Will Ecuador’s President Correa Shoot the Trees in Yasuni National Park?
By Ron Zucker
Ecuador hosts the Parqué Nacional Yasuni, a 3,800 square mile park of singular beauty and biodiversity and home to many indigenous people. Remote and situated at the intersection of the Andes, the Amazon region and the equator, this rain forest is one of the world’s wildest places. Unfortunately, it also sits on top of a bed of oil that, in 2007, was valued at $7 billion. That made it potentially worth more to Ecuador devastated and drilled than it was as a park. So President Rafael Correa came up with an idea.
There is a lot of talk, particularly at the World Bank and other world economic leaders, of “Payments for Ecosystem Services.” Under this theoretical framework, we’ll turn our natural resources into a bank and actually pay Ecuador for not drilling. You heard that right. To protect a national park, citizens would need to pay-off those those who seek to destroy it for profit.
President Correa challenged people who want to protect Yasuni National Park, by setting up a world fund at the UN to give Ecuador half the value of the oil, about $3.6 billion. The Ecuadorian government would then leave the oil in the ground and not exploit the fossil fuel resource in this delicate ecosystem.
After five years, at the end of 2012, the fund had $6.5 million in it. The plan is now abandoned.
The financialization of nature allows those with money to determine what another area’s ecosystem is worth. That is not a bug or a flaw in the system. It defines the system. But when it comes time to put up the money, the developed world can decide if it wants to do so and where.
In a country that constitutionalized the rights of nature in 2008, this move to drill the Yasuni is particularly painful and thousands of people have filled the streets in marches across the country. Attempts are now underway to collect signatures from five percent of the 10 million voters to force a referendum and polls show that the majority of Ecuadorans oppose drilling in the Yasuni.
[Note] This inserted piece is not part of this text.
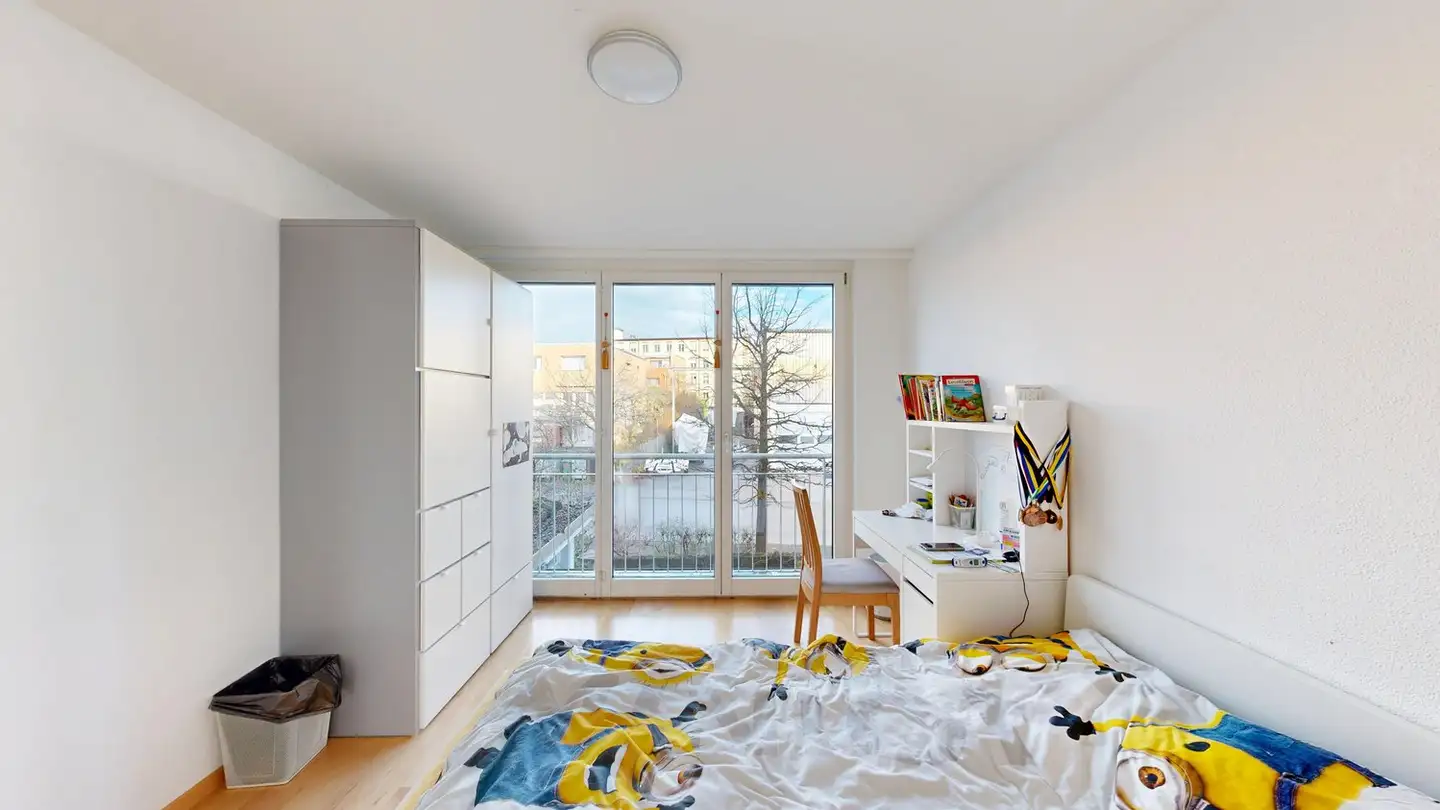 Maisonette-Wohnung kaufen - Kreuzstrasse 70, 8712 Stäfa - Foto 4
President Correa (himself a U.S.-educated economist) asked the world to pay-to-protect this ecosystem, a method economists claim is the most efficient way to protect the planet, or Ecuador would be forced to damage the ecosystem to pay for the things that its people need. In effect, he said, “Pay me or I’ll shoot the trees.” The world suggested that shooting the trees was his best option. And the environment, from which we all benefit, will pay the price.